For anyone who listened to J’s in the 70s and 80s, or just liked music beyond the mainstream, you should make sure that you get yourself a ticket to the By the C festival, next time it comes to Newcastle.
The bands that took to the stage at By the C, were some of the innovators and leaders of Australian music at the time, putting an Aussie twang to musical movements like punk and new wave. They were adored by their fans then, and from the enthusiasm of the crowd at Camp Shortland, even when the rain came, it’s safe to say that these legends – Icehouse, Sunnyboys, The Church, Do Re Mi and Mental As Anything – remain much adored.
Well supported by up-and-coming Iluka, the By the C lineup played hit after hit. First up were the Mentals, who warmed the crowd up with their pub rock favourites. Songs that have been etched into the Australian psyche. Greedy Smith is a great entertainer and he and the band did not disappoint.
The original Aussie Riot Grrls Do Re Mi have been silent for 30 years. They returned to stage at Camp Shortland with a roar. Those that were lucky enough to be at By the C, were witness to the joyous return of original members the cat-suited Deboarh Conway, and Helen Carter, joined by a new line-up of funky female musicians. When they finished their set with the hit “Man Overboard” the crowd joined the roar. It was a moment to remember.
The crowd for By the C was mixed in age and tastes, with large numbers of black-clad beauties and blokes, making their way to the front to pay homage to The Church. Listening to the wailing guitars and moody melodies waft in the ocean breeze was magic. Seeing Ian Haug of Powderfinger fame on stage alongside the magnetic original members Steve Kilby and Peter Koppes, was a treat – he seemed to be fanboying out as much as the crowd. With a setlist spanning their hits to their fan favourites, including Metropolis, Under the Milkway and Unguarded Moment, and tracks off their 2017 offering Further/Deeper, The Church proved they are still trailblazers of the Aussie music scene.
The crowd swelled and gangled with anticipation for The Sunnyboys who came out and reminded the crowd why they were fixtures of their life’s soundtrack and have their place in Aussie music folklore. With a sound that speaks to a beach town like Newcastle, brother Jeremy and Peter Oxley, joined by original band members Richard Burgman and Bill Bilson ripped it up, with the true believers rushing the stage and bouncing around, singing every word, as they would have in the 80s.

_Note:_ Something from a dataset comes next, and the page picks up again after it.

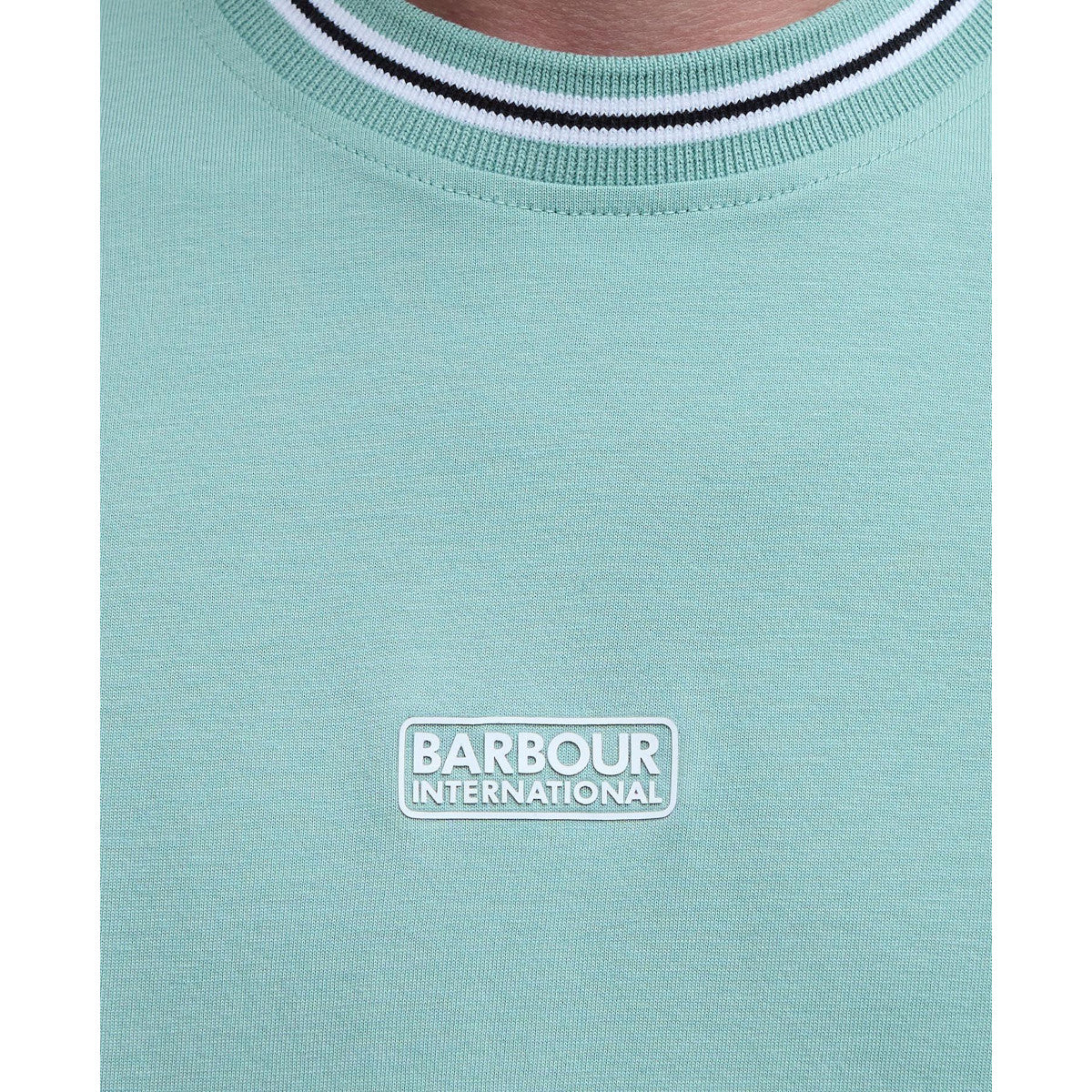 Barbour International Central Logo Tipped T-Shirt GN11  Granite Green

Then the rain came. But the cooling weather didn’t extinguish the enthusiasm of the crowd for the full set performance of Ice House. Always the professionals, iconic frontman Iva Davies, and the band played through water on the stage and their gear, to deliver a career spanning set that had everyone dancing, dripping and chanting along. Stand out moments were the crowd singing along to Great Southern Land, the incredible musicianship of drummer Paul Wheeler, guitarist Paul Gildea, bassist Steve Bull, the soaring falsetto of Michael Paynter and sexy saxophone solos by Glenn Reither.
As the crowd quickly left the site, to avoid rain, there was no argy-bargy or pushing. There was chatting, banter, singing, and celebration of a group of people renewed by a love of music, the bands, and an awesome experience. I for one, can’t wait for next year!